TOKYO, Jan 29, 2013 (AFP) - Japan said on Tuesday it would give US$120 million (S$148.4 million) of new cash to help stabilise the Islamist-infested Sahel region of North Africa, days after 10 Japanese were killed when jihadists stormed an Algerian gas plant.
"The Japanese government plans to give an additional US$120 million to help stabilise Mali and the Sahel region," Foreign Minister Fumio Kishida said.
"This is to help the region to strengthen governance and security, including aid for peacekeeping operations."
Japan was hit hard by the four-day siege in the Algerian desert, when heavily-armed militants took hundreds of people hostage.

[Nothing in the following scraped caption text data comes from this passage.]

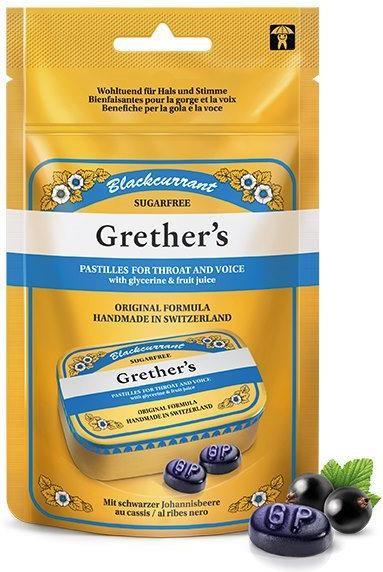 Grethers Blackcurrant (1 Stück)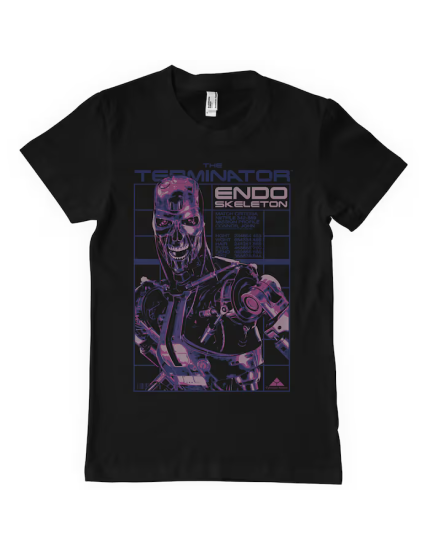 Terminator Endoskeleton (T-Shirt) obrázok 1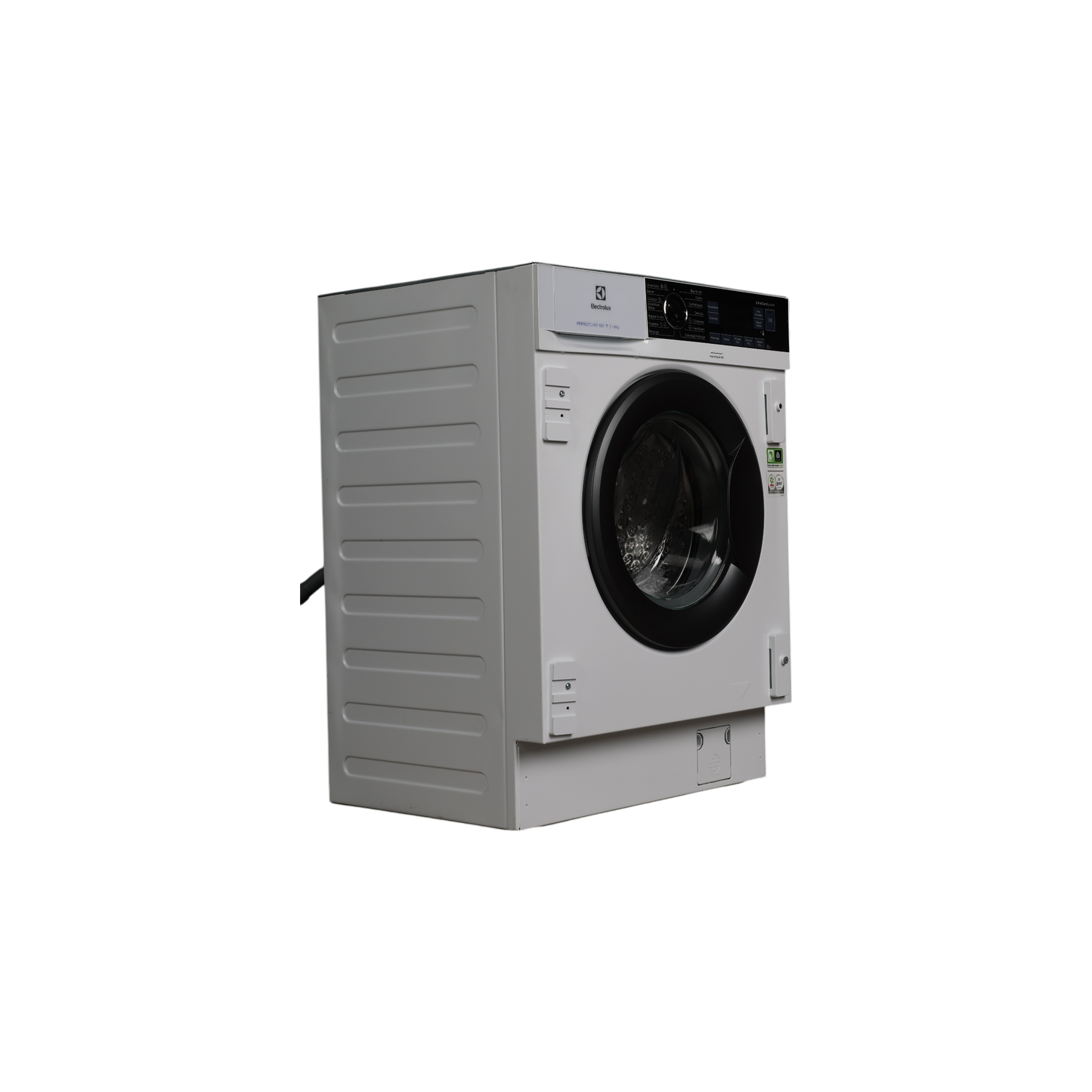 Lave-Linge Hublot 8 kg Reconditionné ELECTROLUX EW8F3814BI : vue du côté gauche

The stand-off ended in bloodshed when Algerian commandos stormed the plant, with some reports talking of summary executions of hostages in the final firefight.
Of the at least 37 foreigners known to have died, Japan's toll of 10 was the highest of any country whose nationals were caught up in the siege.
All of the Japanese who died were employed by plant engineering firm JGC, which, along with a number of other similar firms from resource-starved Japan, is active in North Africa.
"We expect this aid to help strengthen the AFISMA mission and abate the poverty that could breed terrorism," Mr Kishida said, referring to the African-led International Support Mission to Mali, which has UN Security Council backing.